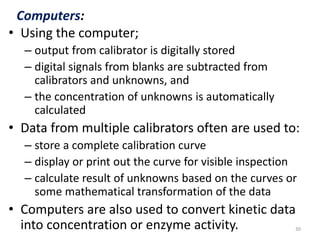Computers: 
• Using the computer; 
– output from calibrator is digitally stored 
– digital signals from blanks are subtracted from 
calibrators and unknowns, and 
– the concentration of unknowns is automatically 
calculated 
• Data from multiple calibrators often are used to: 
– store a complete calibration curve 
– display or print out the curve for visible inspection 
– calculate result of unknowns based on the curves or 
some mathematical transformation of the data 
• Computers are also used to convert kinetic data 
into concentration or enzyme activity. 30 
 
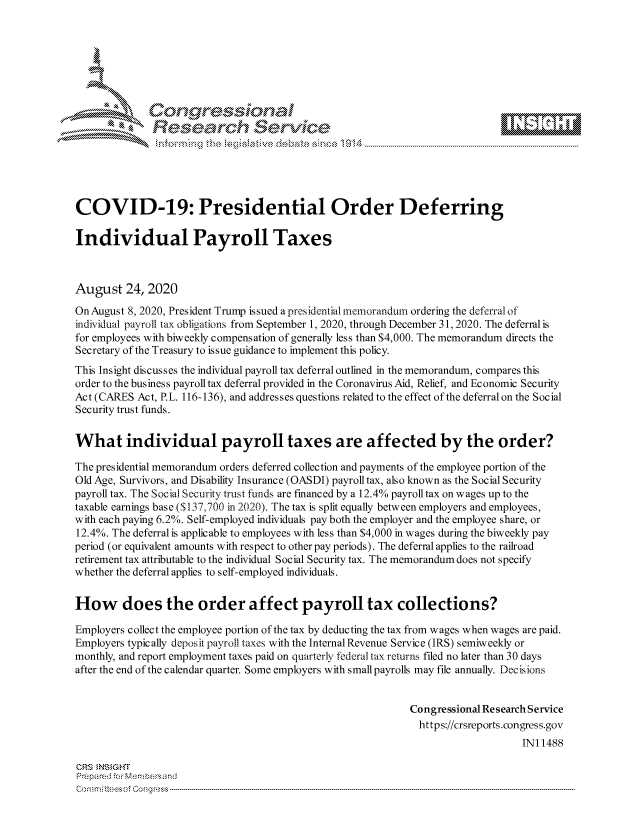 handle is hein.crs/govdbmv0001 and id is 1 raw text is: 







                Gongrsssoa
              Research Service






COVID-19: Presidential Order Deferring

Individual Payroll Taxes



August   24, 2020

On August 8, 2020, President Trump issued a presidentialmemorandum ordering the deferral of
individual payroll tax obligations from September 1, 2020, through December 31, 2020. The deferral is
for employees with biweekly compensation of generally less than $4,000. The memorandum directs the
Secretary of the Treasury to issue guidance to implement this policy.
This Insight discusses the individual payroll tax deferral outlined in the memorandum, compares this
order to the business payroll tax deferral provided in the Coronavirus Aid, Relief, and Economic Security
Act (CARES Act, P.L. 116-136), and addresses questions related to the effect of the deferral on the Social
Security trust funds.


What individual payroll taxes are affected by the order?

The presidential memorandum orders deferred collection and payments of the employee portion of the
Old Age, Survivors, and Disability Insurance (OASDI) payroll tax, also known as the Social Security
payroll tax. The Social Security trust funds are financed by a 12.4% payroll tax on wages up to the
taxable earnings base ($ 137,700 in 2020). The tax is split equally between employers and employees,
with each paying 6.2%. Self-employed individuals pay both the employer and the employee share, or
12.4%. The deferral is applicable to employees with less than $4,000 in wages during the biweekly pay
period (or equivalent amounts with respect to other pay periods). The deferral applies to the railroad
retirement tax attributable to the individual Social Security tax. The memorandum does not specify
whether the deferral applies to self-employed individuals.


How does the order affect payroll tax collections?

Employers collect the employee portion of the tax by deducting the tax from wages when wages are paid.
Employers typically deposit payroll taxes with the Internal Revenue Service (IRS) semiweekly or
monthly, and report employment taxes paid on quarterly federal tax returns filed no later than 30 days
after the end of the calendar quarter. Some employers with small payrolls may file annually. Decisions


                                                            Congressional ResearchService
                                                              https://crsreports.congress.gov
                                                                                INI 1488

CRS INSIGHT
Prepared forMenbers and
onmmittees of Congress


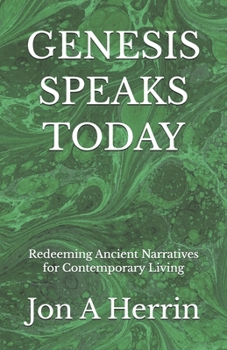 Paperback Genesis Speaks Today: Redeeming Ancient Narratives for Contemporary Living Book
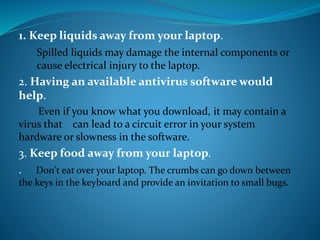1. Keep liquids away from your laptop.
Spilled liquids may damage the internal components or
cause electrical injury to the laptop.
2. Having an available antivirus software would
help.
Even if you know what you download, it may contain a
virus that can lead to a circuit error in your system
hardware or slowness in the software.
3. Keep food away from your laptop.
. Don't eat over your laptop. The crumbs can go down between
the keys in the keyboard and provide an invitation to small bugs.
 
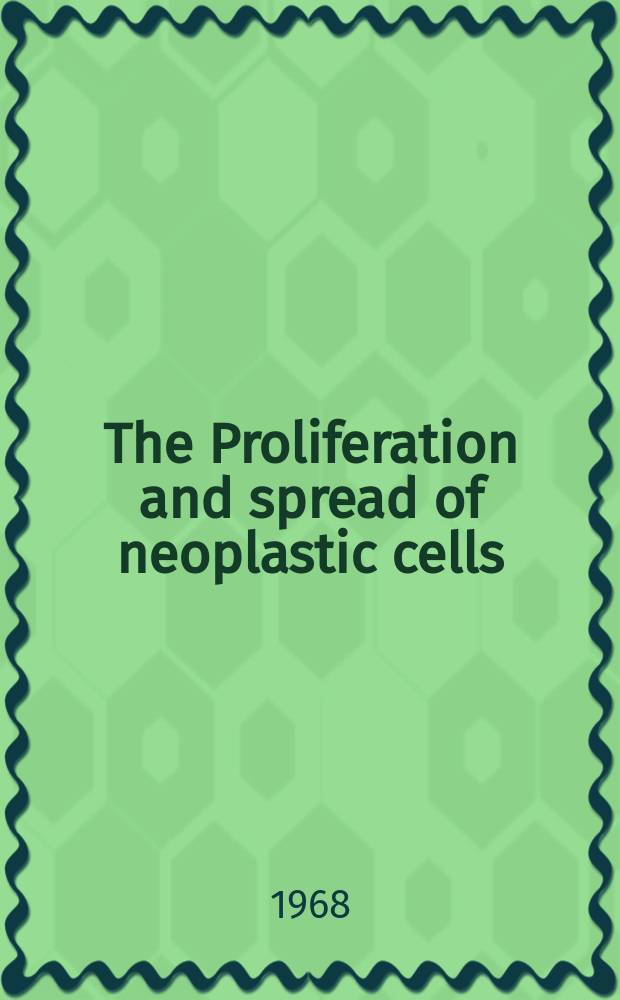 The Proliferation and spread of neoplastic cells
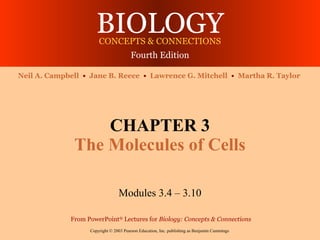 BIOLOGYCONCEPTS & CONNECTIONS
Fourth Edition
Copyright © 2003 Pearson Education, Inc. publishing as Benjamin Cummings
Neil A. Campbell • Jane B. Reece • Lawrence G. Mitchell • Martha R. Taylor
From PowerPoint®
Lectures for Biology: Concepts & Connections
CHAPTER 3
The Molecules of Cells
Modules 3.4 – 3.10
 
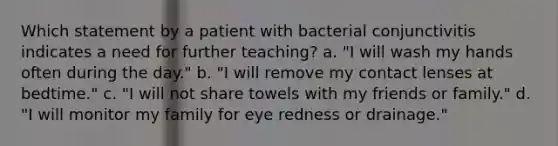 Which statement by a patient with bacterial conjunctivitis indicates a need for further teaching? a. "I will wash my hands often during the day." b. "I will remove my contact lenses at bedtime." c. "I will not share towels with my friends or family." d. "I will monitor my family for eye redness or drainage."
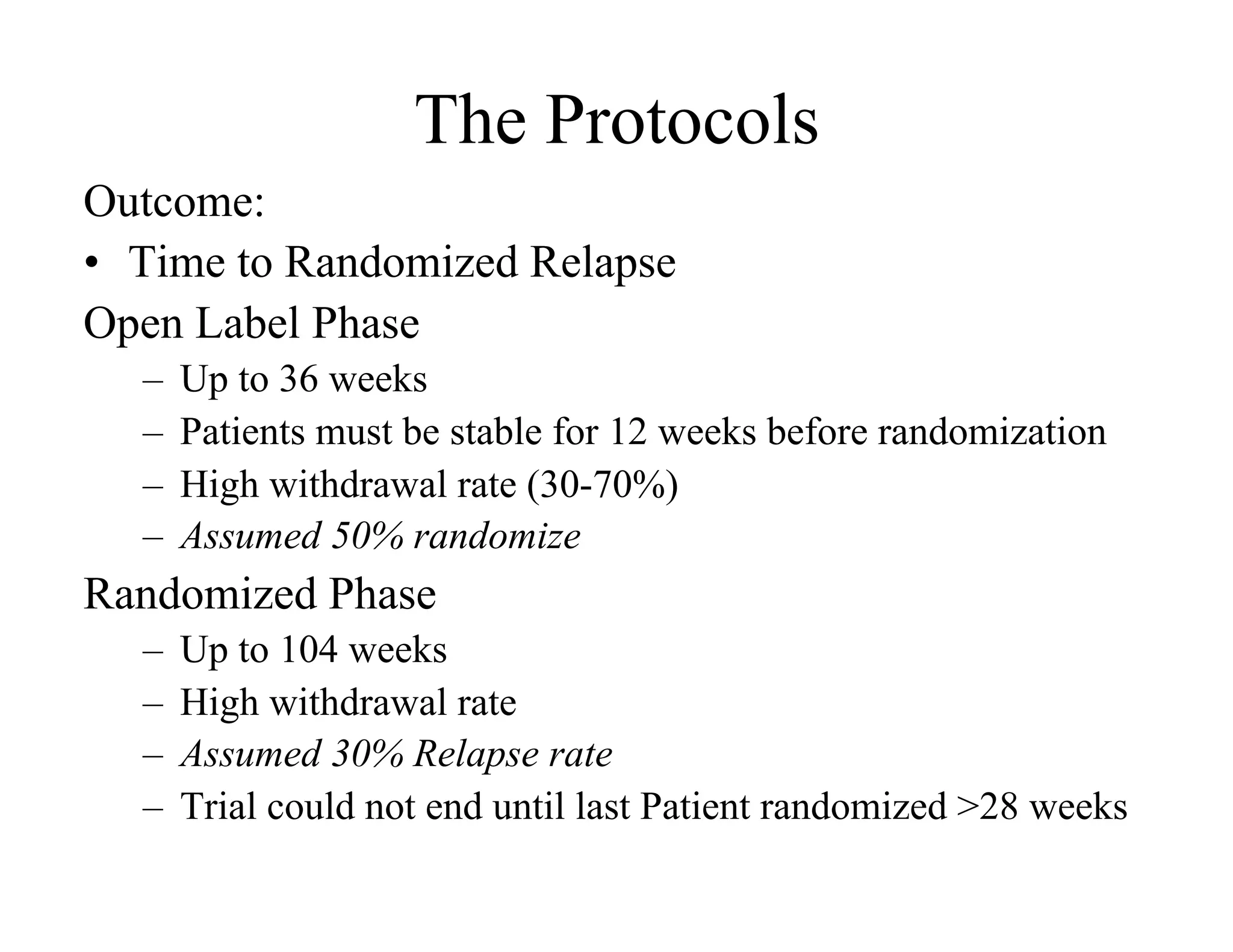 The Protocols
Outcome:
•  Time to Randomized Relapse
Open Label Phase
  –  Up to 36 weeks
  –  Patients must be stable for 12 weeks before randomization
  –  High withdrawal rate (30-70%)
  –  Assumed 50% randomize
Randomized Phase
  –  Up to 104 weeks
  –  High withdrawal rate
  –  Assumed 30% Relapse rate
  –  Trial could not end until last Patient randomized >28 weeks
 
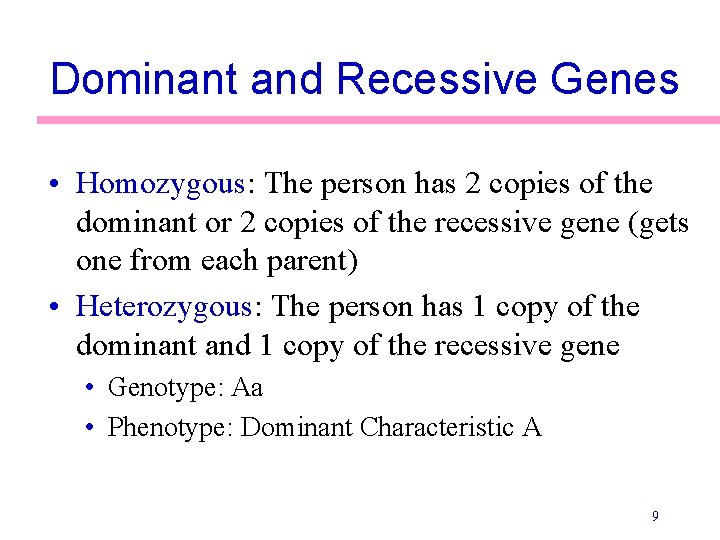 Dominant and Recessive Genes • Homozygous: The person has 2 copies of the dominant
= = = =
Try it:
Would you repeat the entries exactly, but with no pictures?

Solved problem:
Computers: 
• Using the computer; 
– output from calibrator is digitally stored 
– digital signals from blanks are subtracted from 
calibrators and unknowns, and 
– the concentration of unknowns is automatically 
calculated 
• Data from multiple calibrators often are used to: 
– store a complete calibration curve 
– display or print out the curve for visible inspection 
– calculate result of unknowns based on the curves or 
some mathematical transformation of the data 
• Computers are also used to convert kinetic data 
into concentration or enzyme activity. 30 
 
 handle is hein.crs/govdbmv0001 and id is 1 raw text is: 







                Gongrsssoa
              Research Service






COVID-19: Presidential Order Deferring

Individual Payroll Taxes



August   24, 2020

On August 8, 2020, President Trump issued a presidentialmemorandum ordering the deferral of
individual payroll tax obligations from September 1, 2020, through December 31, 2020. The deferral is
for employees with biweekly compensation of generally less than $4,000. The memorandum directs the
Secretary of the Treasury to issue guidance to implement this policy.
This Insight discusses the individual payroll tax deferral outlined in the memorandum, compares this
order to the business payroll tax deferral provided in the Coronavirus Aid, Relief, and Economic Security
Act (CARES Act, P.L. 116-136), and addresses questions related to the effect of the deferral on the Social
Security trust funds.


What individual payroll taxes are affected by the order?

The presidential memorandum orders deferred collection and payments of the employee portion of the
Old Age, Survivors, and Disability Insurance (OASDI) payroll tax, also known as the Social Security
payroll tax. The Social Security trust funds are financed by a 12.4% payroll tax on wages up to the
taxable earnings base ($ 137,700 in 2020). The tax is split equally between employers and employees,
with each paying 6.2%. Self-employed individuals pay both the employer and the employee share, or
12.4%. The deferral is applicable to employees with less than $4,000 in wages during the biweekly pay
period (or equivalent amounts with respect to other pay periods). The deferral applies to the railroad
retirement tax attributable to the individual Social Security tax. The memorandum does not specify
whether the deferral applies to self-employed individuals.


How does the order affect payroll tax collections?

Employers collect the employee portion of the tax by deducting the tax from wages when wages are paid.
Employers typically deposit payroll taxes with the Internal Revenue Service (IRS) semiweekly or
monthly, and report employment taxes paid on quarterly federal tax returns filed no later than 30 days
after the end of the calendar quarter. Some employers with small payrolls may file annually. Decisions


                                                            Congressional ResearchService
                                                              https://crsreports.congress.gov
                                                                                INI 1488

CRS INSIGHT
Prepared forMenbers and
onmmittees of Congress


 Paperback Genesis Speaks Today: Redeeming Ancient Narratives for Contemporary Living Book
1. Keep liquids away from your laptop.
Spilled liquids may damage the internal components or
cause electrical injury to the laptop.
2. Having an available antivirus software would
help.
Even if you know what you download, it may contain a
virus that can lead to a circuit error in your system
hardware or slowness in the software.
3. Keep food away from your laptop.
. Don't eat over your laptop. The crumbs can go down between
the keys in the keyboard and provide an invitation to small bugs.
 
 The Proliferation and spread of neoplastic cells
 BIOLOGYCONCEPTS & CONNECTIONS
Fourth Edition
Copyright © 2003 Pearson Education, Inc. publishing as Benjamin Cummings
Neil A. Campbell • Jane B. Reece • Lawrence G. Mitchell • Martha R. Taylor
From PowerPoint®
Lectures for Biology: Concepts & Connections
CHAPTER 3
The Molecules of Cells
Modules 3.4 – 3.10
 
 Which statement by a patient with bacterial conjunctivitis indicates a need for further teaching? a. "I will wash my hands often during the day." b. "I will remove my contact lenses at bedtime." c. "I will not share towels with my friends or family." d. "I will monitor my family for eye redness or drainage."
 The Protocols
Outcome:
•  Time to Randomized Relapse
Open Label Phase
  –  Up to 36 weeks
  –  Patients must be stable for 12 weeks before randomization
  –  High withdrawal rate (30-70%)
  –  Assumed 50% randomize
Randomized Phase
  –  Up to 104 weeks
  –  High withdrawal rate
  –  Assumed 30% Relapse rate
  –  Trial could not end until last Patient randomized >28 weeks
 
 Dominant and Recessive Genes • Homozygous: The person has 2 copies of the dominant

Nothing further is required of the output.